[Collected data entries]
★ ★ ★ ★

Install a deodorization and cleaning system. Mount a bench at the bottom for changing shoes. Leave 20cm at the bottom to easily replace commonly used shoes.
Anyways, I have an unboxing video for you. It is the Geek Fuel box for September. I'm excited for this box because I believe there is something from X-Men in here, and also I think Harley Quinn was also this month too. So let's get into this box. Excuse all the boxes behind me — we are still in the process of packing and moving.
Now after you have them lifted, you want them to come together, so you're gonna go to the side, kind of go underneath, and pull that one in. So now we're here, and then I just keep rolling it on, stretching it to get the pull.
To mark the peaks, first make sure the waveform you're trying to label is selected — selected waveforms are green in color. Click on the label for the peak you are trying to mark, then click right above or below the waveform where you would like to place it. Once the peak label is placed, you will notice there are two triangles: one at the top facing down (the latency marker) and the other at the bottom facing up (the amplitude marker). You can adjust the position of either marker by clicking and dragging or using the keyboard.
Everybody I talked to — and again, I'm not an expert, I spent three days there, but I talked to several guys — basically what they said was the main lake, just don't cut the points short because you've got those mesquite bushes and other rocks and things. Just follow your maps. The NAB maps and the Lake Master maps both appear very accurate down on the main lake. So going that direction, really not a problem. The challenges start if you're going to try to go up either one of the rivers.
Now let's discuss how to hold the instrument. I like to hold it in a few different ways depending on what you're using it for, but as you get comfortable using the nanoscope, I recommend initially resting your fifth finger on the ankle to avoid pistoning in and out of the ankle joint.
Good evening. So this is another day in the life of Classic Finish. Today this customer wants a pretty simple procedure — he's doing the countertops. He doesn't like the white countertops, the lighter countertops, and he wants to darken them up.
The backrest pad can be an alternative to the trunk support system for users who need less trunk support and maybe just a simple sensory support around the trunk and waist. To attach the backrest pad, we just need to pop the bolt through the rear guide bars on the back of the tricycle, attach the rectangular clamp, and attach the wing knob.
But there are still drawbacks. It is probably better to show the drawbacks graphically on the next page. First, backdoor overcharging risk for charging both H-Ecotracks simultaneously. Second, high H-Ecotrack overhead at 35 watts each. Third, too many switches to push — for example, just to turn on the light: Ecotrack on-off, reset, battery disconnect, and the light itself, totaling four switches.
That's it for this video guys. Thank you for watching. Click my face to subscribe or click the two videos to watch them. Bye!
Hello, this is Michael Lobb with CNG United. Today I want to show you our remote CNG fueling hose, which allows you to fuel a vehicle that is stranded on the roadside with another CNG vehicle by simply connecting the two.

★ ★ ★ ★

▶ Task to carry out
Go through the entries and report every line with the string "have".

▶ Exercise output
Anyways, I have an unboxing video for you. It is the Geek Fuel box for September. I'm excited for this box because I believe there is something from X-Men in here, and also I think Harley Quinn was also this month too. So let's get into this box. Excuse all the boxes behind me — we are still in the process of packing and moving.
Now after you have them lifted, you want them to come together, so you're gonna go to the side, kind of go underneath, and pull that one in. So now we're here, and then I just keep rolling it on, stretching it to get the pull.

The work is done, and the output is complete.